**What this task involves**
Your task is to reproduce, verbatim and without pictures, the lines from the opening of the listing through the line containing "Ta Thăng Cấp".

**Provided records**
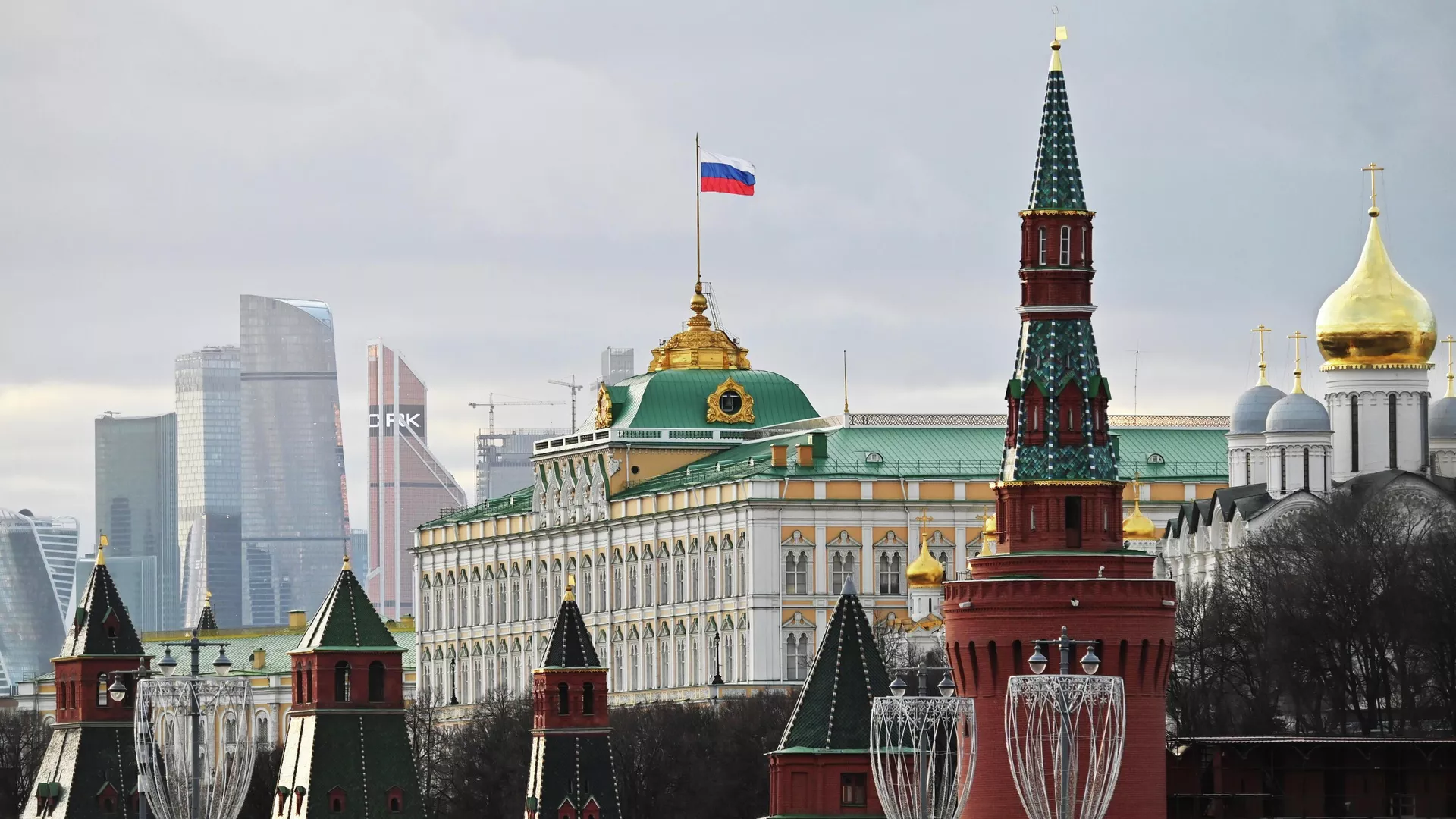 Кремль раскрыл, когда объявят детали перемирия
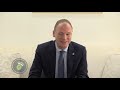 Catch-Up with the Governor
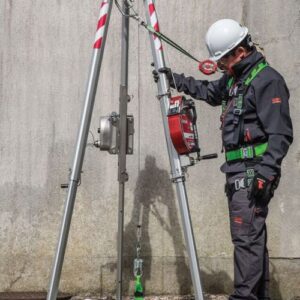 DuraHoist 3Pod Tripod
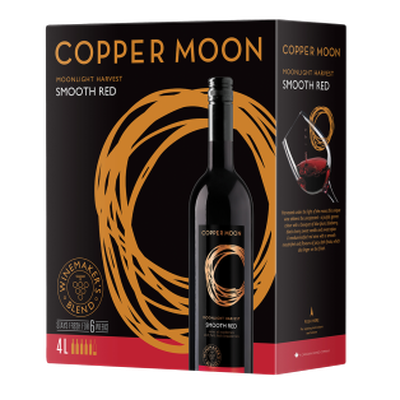 Copper Moon Smooth Red Canada 4000ml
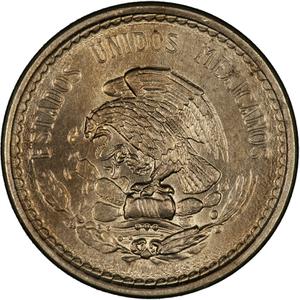 Mexico / Five Centavos 1936 - obverse photo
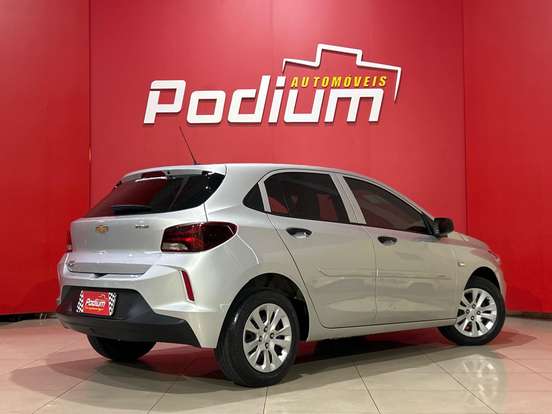 CHEVROLET-ONIX-1.0 TURBO FLEX AUTOMÁTICO CHEVROLET-ONIX-2021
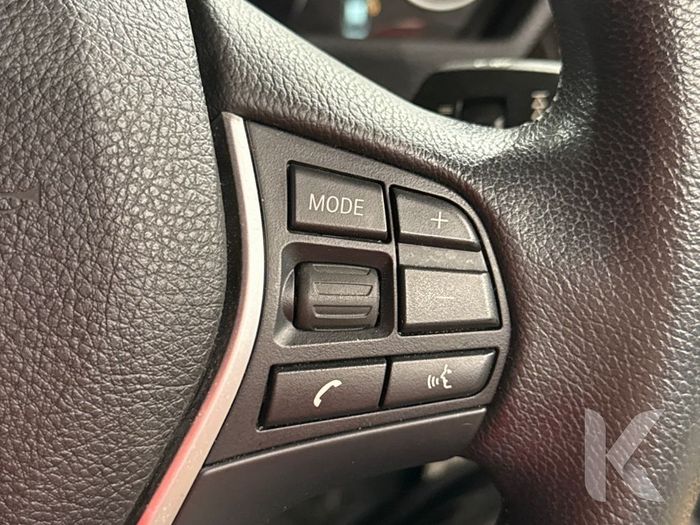 BMW 3 Series 2016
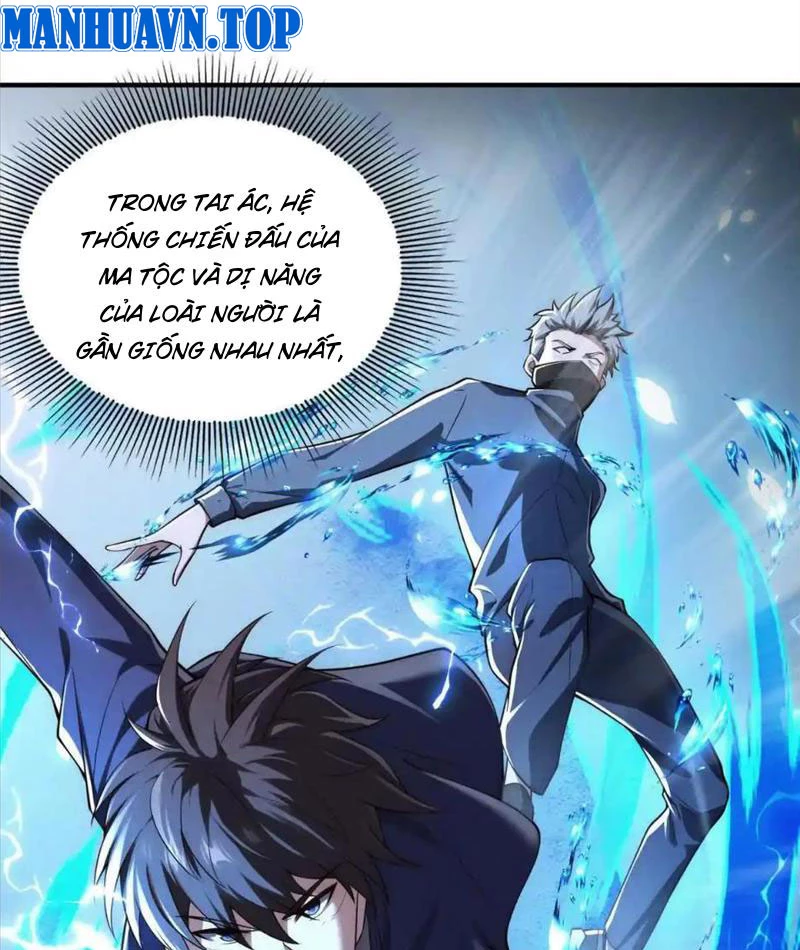 Ta Thăng Cấp Cùng Tai Ách Chapter 20 - Trang 2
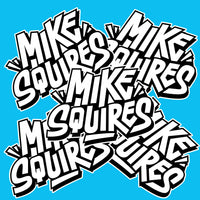 Mike Squires Stickers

**Task result**
 Кремль раскрыл, когда объявят детали перемирия
 Catch-Up with the Governor
 DuraHoist 3Pod Tripod
 Copper Moon Smooth Red Canada 4000ml
 Mexico / Five Centavos 1936 - obverse photo
 CHEVROLET-ONIX-1.0 TURBO FLEX AUTOMÁTICO CHEVROLET-ONIX-2021
 BMW 3 Series 2016
 Ta Thăng Cấp Cùng Tai Ách Chapter 20 - Trang 2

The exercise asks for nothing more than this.